Provided information -
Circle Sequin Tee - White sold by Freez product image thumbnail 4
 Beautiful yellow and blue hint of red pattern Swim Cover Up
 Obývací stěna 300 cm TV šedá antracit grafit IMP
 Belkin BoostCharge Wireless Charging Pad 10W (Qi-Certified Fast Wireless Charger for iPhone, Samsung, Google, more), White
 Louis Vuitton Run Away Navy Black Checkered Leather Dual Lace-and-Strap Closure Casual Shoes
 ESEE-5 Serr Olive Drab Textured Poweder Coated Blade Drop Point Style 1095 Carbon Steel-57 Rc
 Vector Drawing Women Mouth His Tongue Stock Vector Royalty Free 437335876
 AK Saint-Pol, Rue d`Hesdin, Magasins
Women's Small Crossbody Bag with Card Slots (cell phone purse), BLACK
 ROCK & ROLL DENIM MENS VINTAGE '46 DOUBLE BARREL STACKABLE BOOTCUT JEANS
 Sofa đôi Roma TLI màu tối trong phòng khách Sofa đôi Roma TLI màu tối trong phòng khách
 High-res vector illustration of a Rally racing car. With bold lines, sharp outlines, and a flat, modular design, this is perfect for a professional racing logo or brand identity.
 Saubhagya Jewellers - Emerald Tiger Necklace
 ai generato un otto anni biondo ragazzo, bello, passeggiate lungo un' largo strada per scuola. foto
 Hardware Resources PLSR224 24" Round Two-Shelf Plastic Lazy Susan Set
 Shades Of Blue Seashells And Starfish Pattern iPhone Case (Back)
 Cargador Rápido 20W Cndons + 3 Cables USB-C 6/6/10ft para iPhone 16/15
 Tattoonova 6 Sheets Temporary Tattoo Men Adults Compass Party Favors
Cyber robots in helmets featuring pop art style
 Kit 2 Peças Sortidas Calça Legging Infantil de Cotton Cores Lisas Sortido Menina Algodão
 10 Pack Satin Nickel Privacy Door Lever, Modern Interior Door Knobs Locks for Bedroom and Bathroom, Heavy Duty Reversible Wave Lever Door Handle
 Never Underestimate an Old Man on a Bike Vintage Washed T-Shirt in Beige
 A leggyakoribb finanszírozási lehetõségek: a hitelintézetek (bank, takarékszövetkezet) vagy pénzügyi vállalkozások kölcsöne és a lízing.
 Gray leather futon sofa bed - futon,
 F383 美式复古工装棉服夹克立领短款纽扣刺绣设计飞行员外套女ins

Work required -
Give again, word for word, every line of the listing above from the one with "Tattoonova 6 Sheets" to the one with "Kit 2 Peças", both inclusive, and nothing beyond them.

Your solution -
 Tattoonova 6 Sheets Temporary Tattoo Men Adults Compass Party Favors
Cyber robots in helmets featuring pop art style
 Kit 2 Peças Sortidas Calça Legging Infantil de Cotton Cores Lisas Sortido Menina Algodão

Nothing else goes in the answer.